Records provided >>
┌──
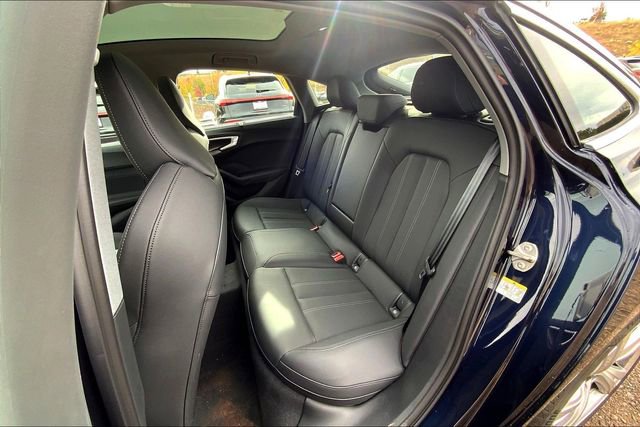 New 2025 Audi A5 2.0T Prestige image 9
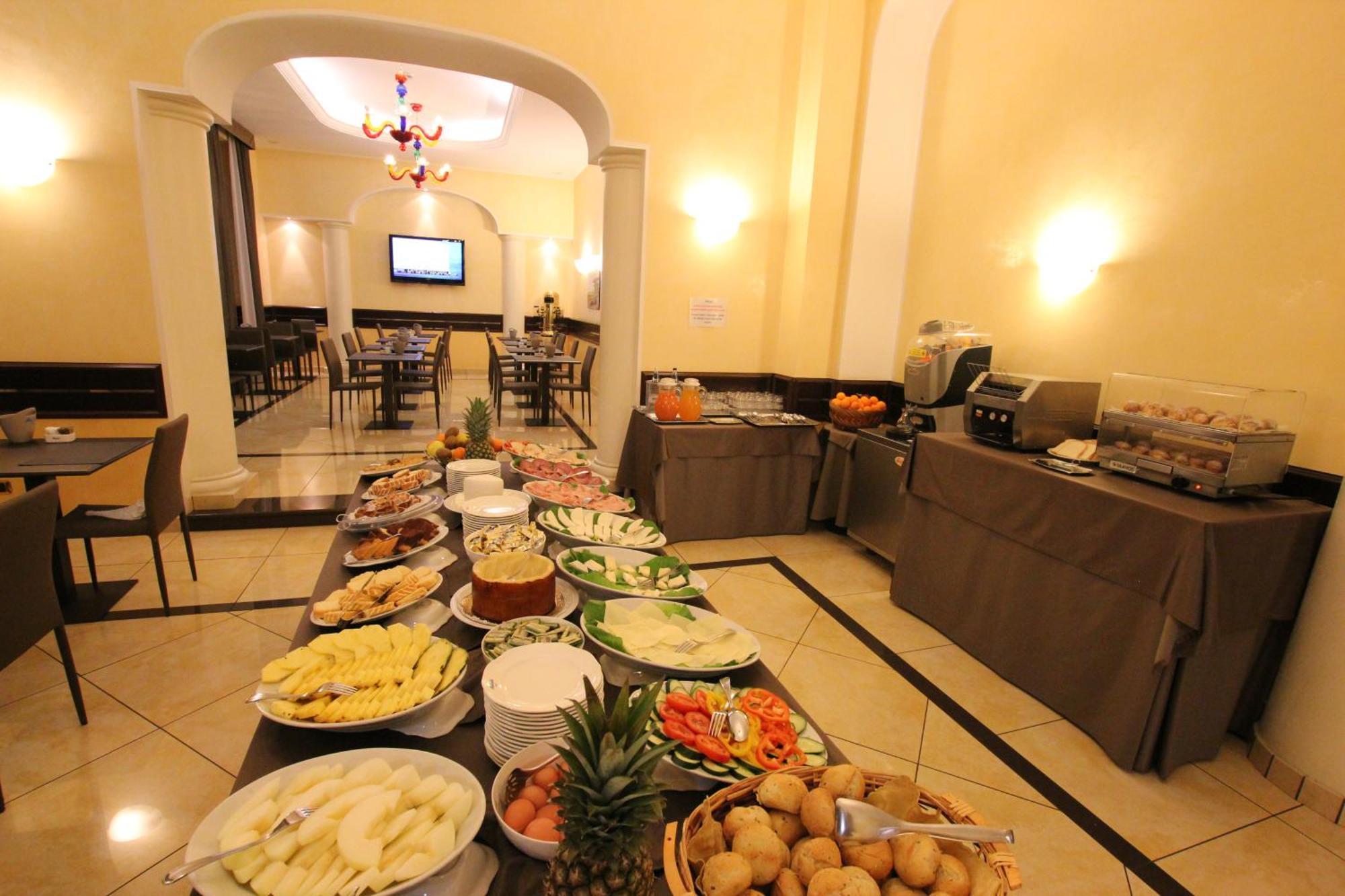 Mokinba Hotels Baviera Милан Экстерьер фото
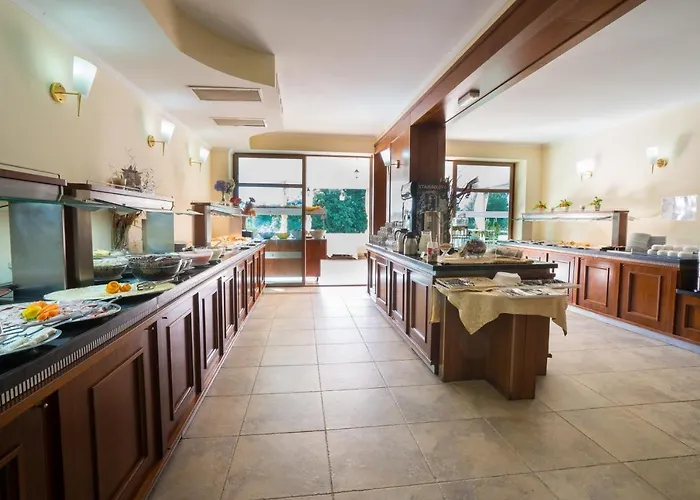 Отель Perla Sun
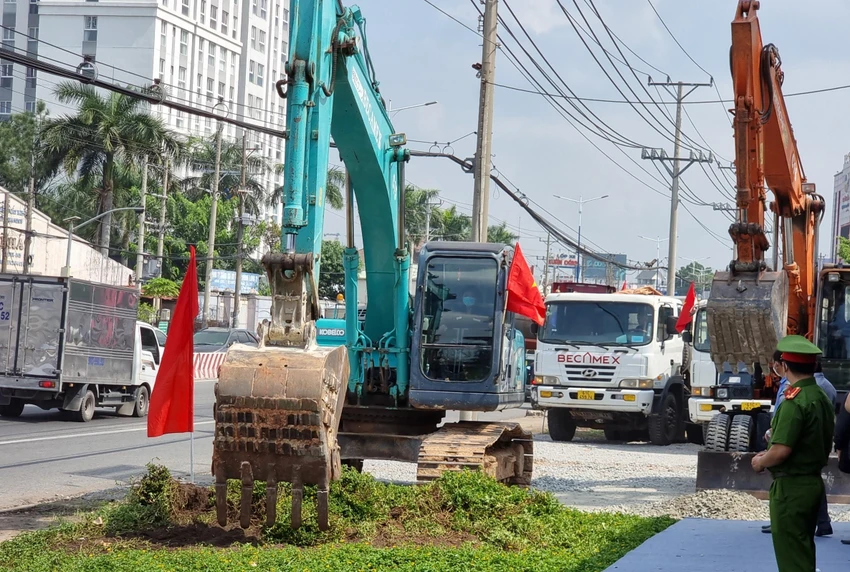 Quốc lộ 13 mở rộng đoạn đường dàu 12,7 km. Ảnh: LA Quốc lộ 13 mở rộng đoạn đường dàu 12,7 km. Ảnh: LA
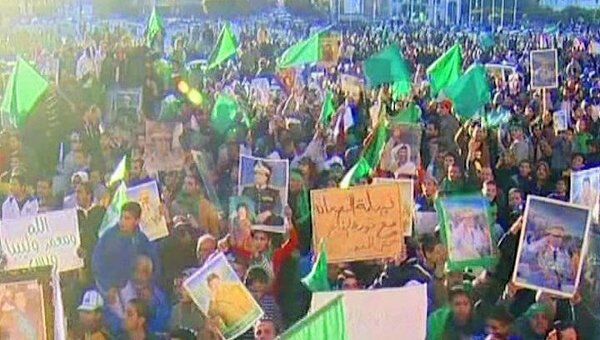 Тысячи сторонников Каддафи с флагами и песнями вышли на улицы Триполи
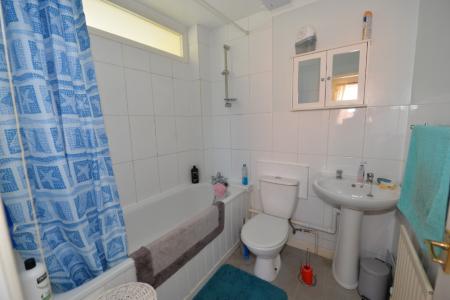 2 bedroom Semi-detached house for sale in New Road, Fair Oak, Eastleigh, SO50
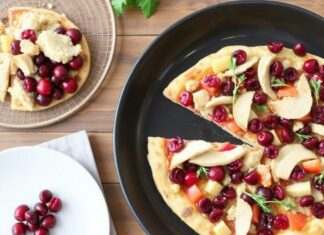 Праздничная пицца с индейкой и клюквой: неожиданный вкус для особенного стола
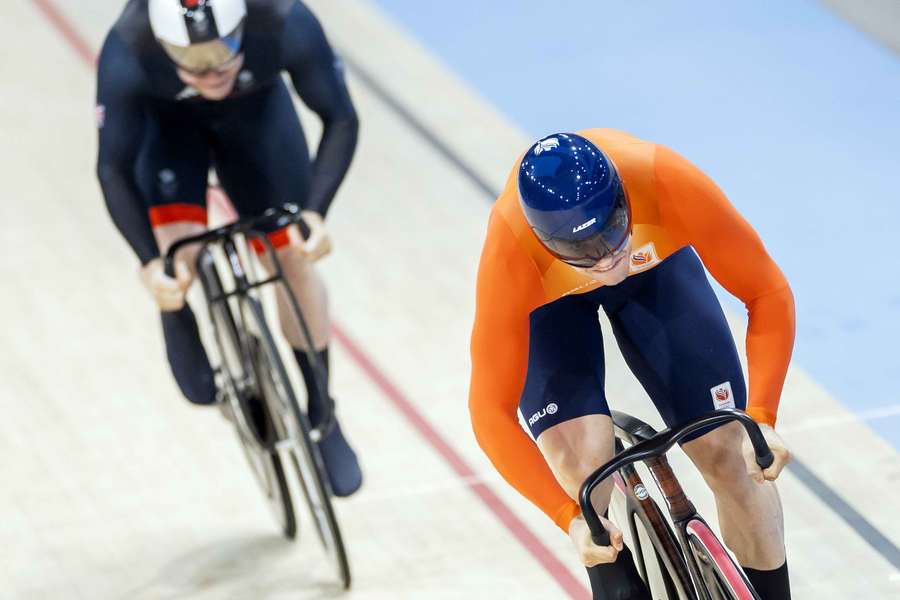 Harrie Lavreysen zette overtuigend de eerste stap naar de finale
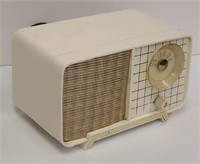 Philco Model E-810-124 Tube Type Radio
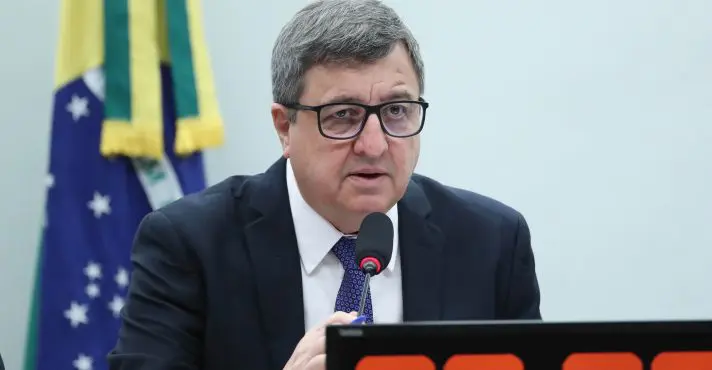 Com meta de déficit zero, comissão aprova relatório da Lei de Diretrizes Orçamentárias de 2024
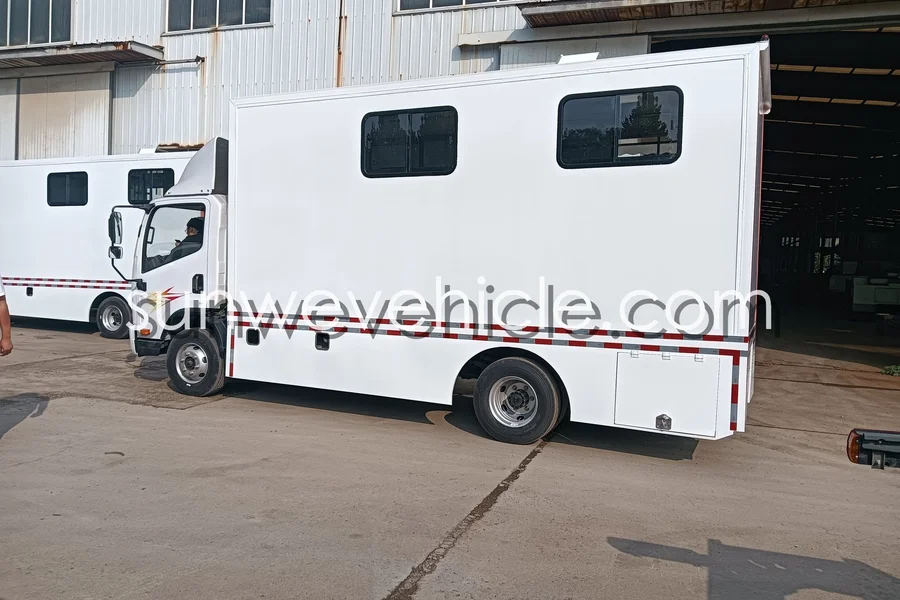 FAW Jiefang Tiger VR 4×2 Veterinary Medical Vehicle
└──
Exercise prompt >> Your answer should be the lines above from the one that contains "Отель Perla Sun" through the last, set down exactly, with the pictures removed.

Solution for this exercise >>
 Отель Perla Sun
 Quốc lộ 13 mở rộng đoạn đường dàu 12,7 km. Ảnh: LA Quốc lộ 13 mở rộng đoạn đường dàu 12,7 km. Ảnh: LA
 Тысячи сторонников Каддафи с флагами и песнями вышли на улицы Триполи
 2 bedroom Semi-detached house for sale in New Road, Fair Oak, Eastleigh, SO50
 Праздничная пицца с индейкой и клюквой: неожиданный вкус для особенного стола
 Harrie Lavreysen zette overtuigend de eerste stap naar de finale
 Philco Model E-810-124 Tube Type Radio
 Com meta de déficit zero, comissão aprova relatório da Lei de Diretrizes Orçamentárias de 2024
 FAW Jiefang Tiger VR 4×2 Veterinary Medical Vehicle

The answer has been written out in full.